Song of the moment: Somewhere I Belong By Linkin Park
When I die, I predict that the culprit of my death will be boredom. Boredom and curiosity causes me to do stupid things... It causes play with dangerous machines that I'm not supposed to touch, play with people's minds, play with forbidden things of the soul. I can see myself hurting the feelings of a real crazy maniac, in which might cause him to rip me to pieces with some random weapon of steel. He might cut out my fingers for the appetizer of his hunger of pain, then cut off my tounge to stop me from screaming random insults at him, then he will cut out my voice box to stop me from screaming in general. After that, he will pull out every single tooth in my mouth just to cause me more pain. He will cut me off limb by limb until there is nothing left but my heart. A heart so dark and evil that it deserves to live through the pain in a secluded black jar for everyone's viewing pleasure.
Holy shit I'm bored. XD
It really is quite fun just to write anything and everything that is on your mind. It's a good way to see what lies beneath your own social and emotional surface, through everything insignificant, to the truth of the things that you are really thinking. These types of thoughts have piled up through the years of my life, the darkness and the pain of my existance.
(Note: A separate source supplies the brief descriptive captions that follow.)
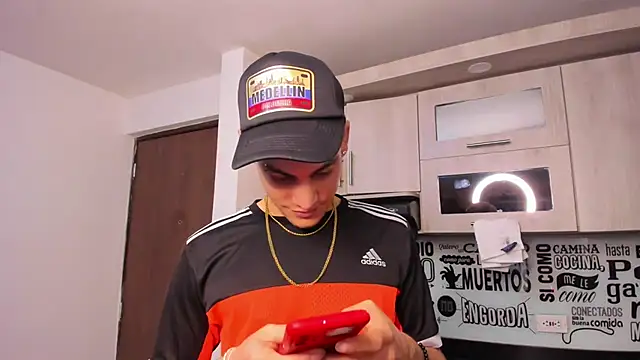 guy master online show from January 11, 6:56 am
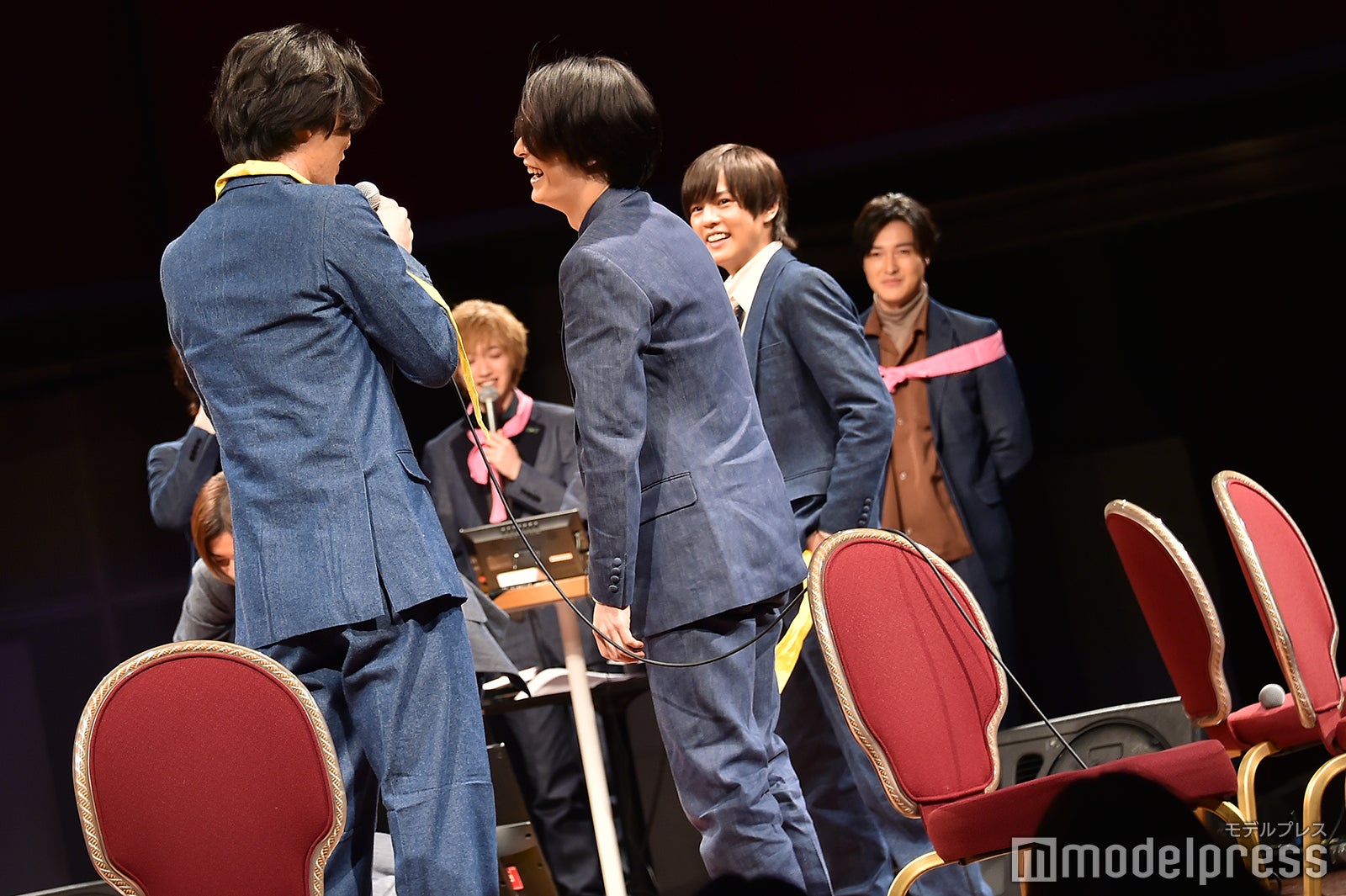 松本健太を縛る／男劇団 青山表参道X「ENDLESS REPEATERS —エンドレスリピーターズ—」DVD発売記念イベント （C）モデルプレス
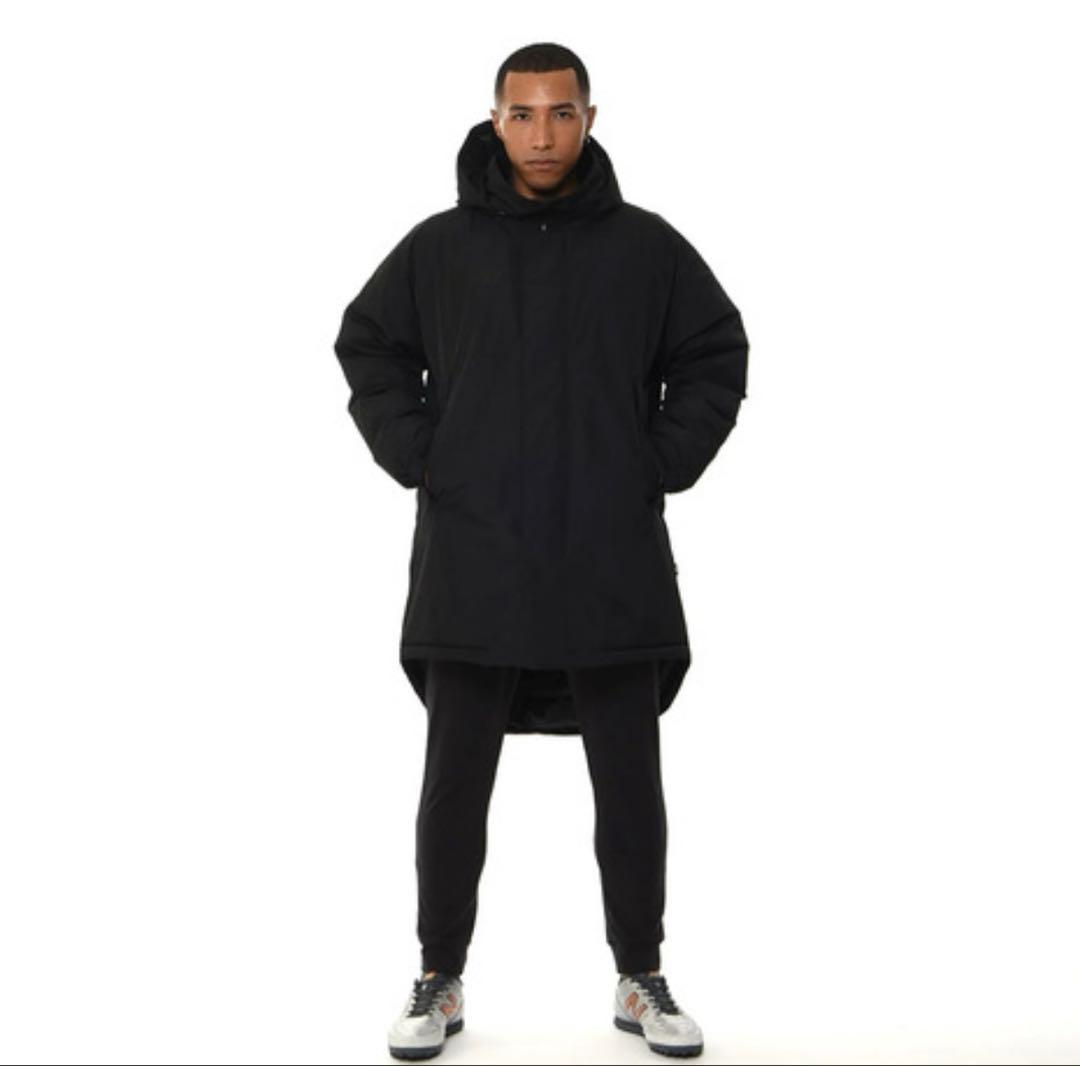 ニューバランスBlack Out Collection フィールドパデッドコート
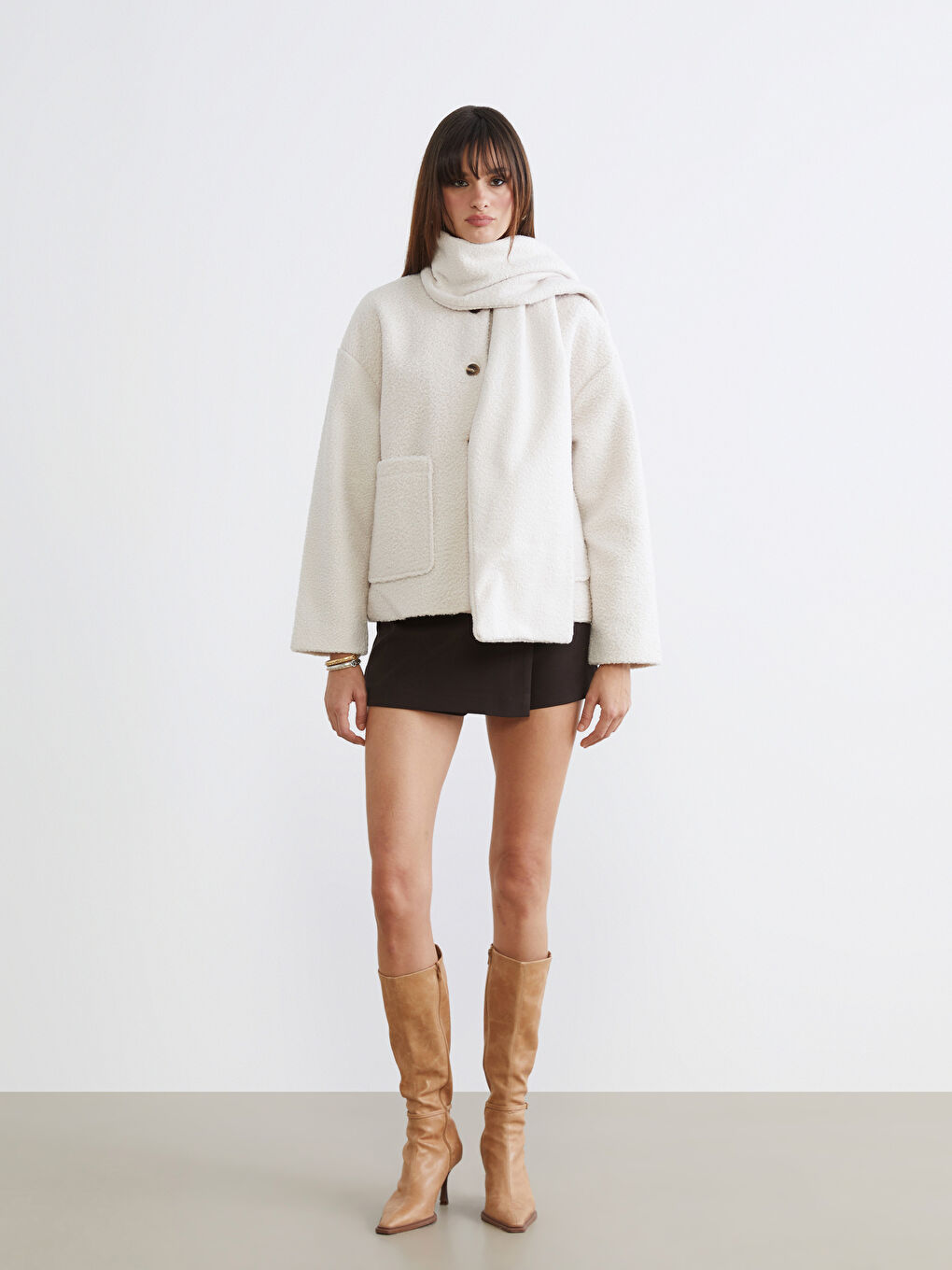 Ekru Bisiklet Yaka Atkılı Kadın Kaşe Kaban-2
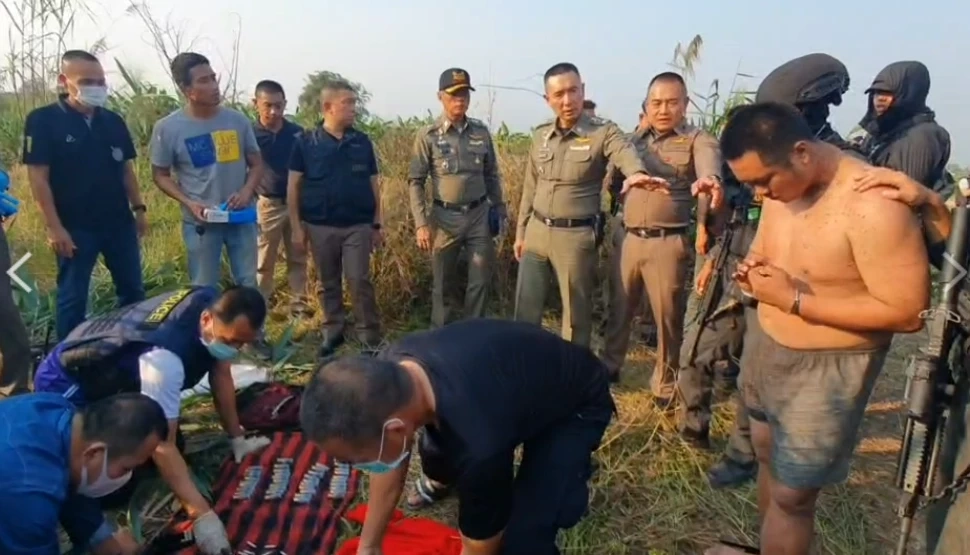 ด่วน! จับแล้วมือยิงตำรวจเสียชีวิต ขณะเข้าตรวจค้นปืน แอบซ่อนใต้ต้นดอกหญ้า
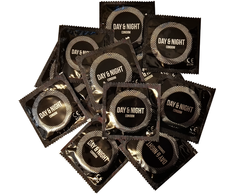 Beppy Day &amp; Night Premium Condoms 100-Pack, Large Size, Latex-Free Scent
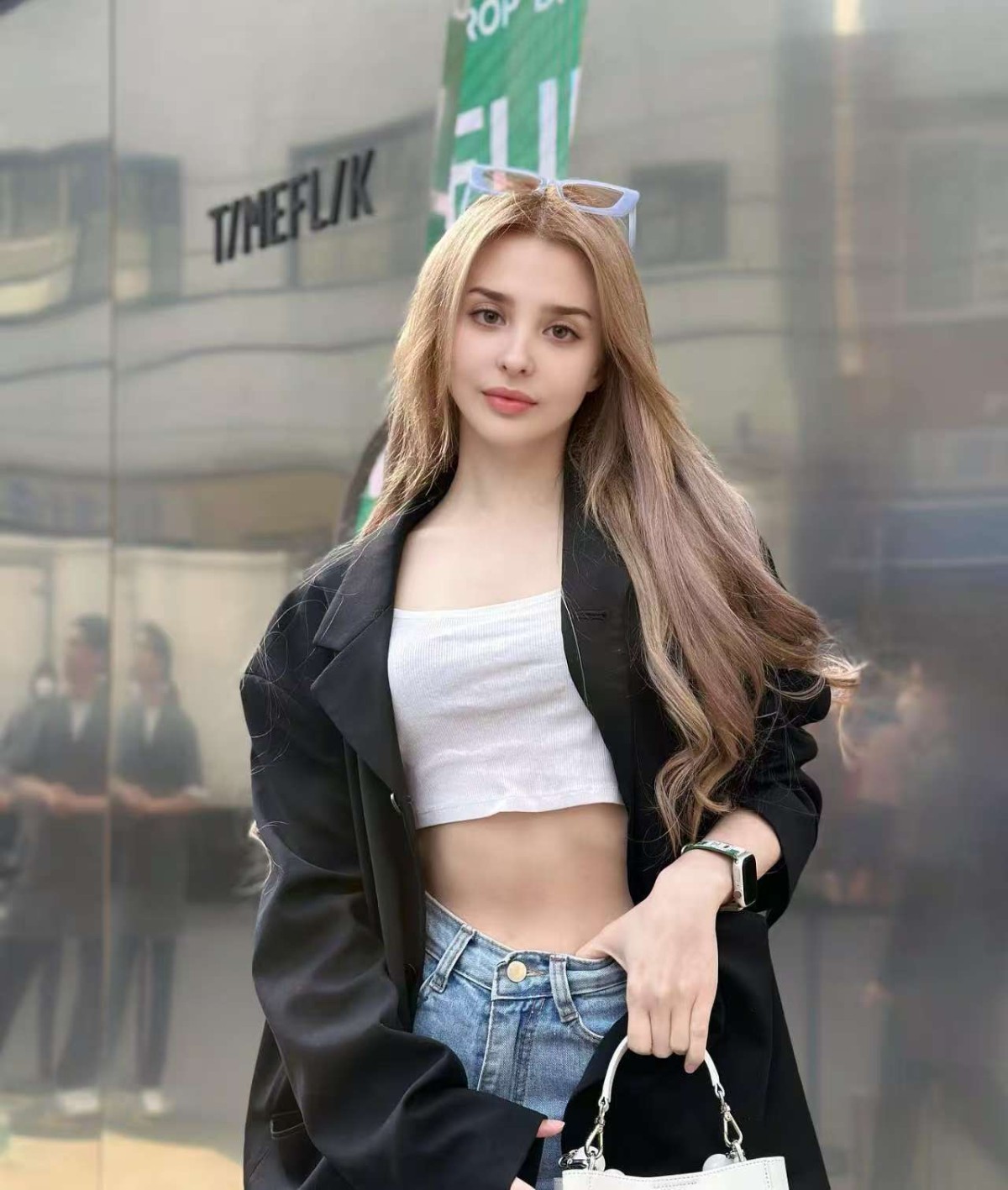 微信图片_20251109203202_18_258.jpg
It shows that I have had more bad memories than good. Or... is it just the human way to remember more of the bad than the good? We tend to count the BAD things that happen, instead of the good more often that should be. Or is it just me? Am I just a selfish bitch or am I being too hard on myself? Or maybe I'm just bored. Who knows. I just wanted to write something, because I haven't written anything of importance in a long time because of these image battles.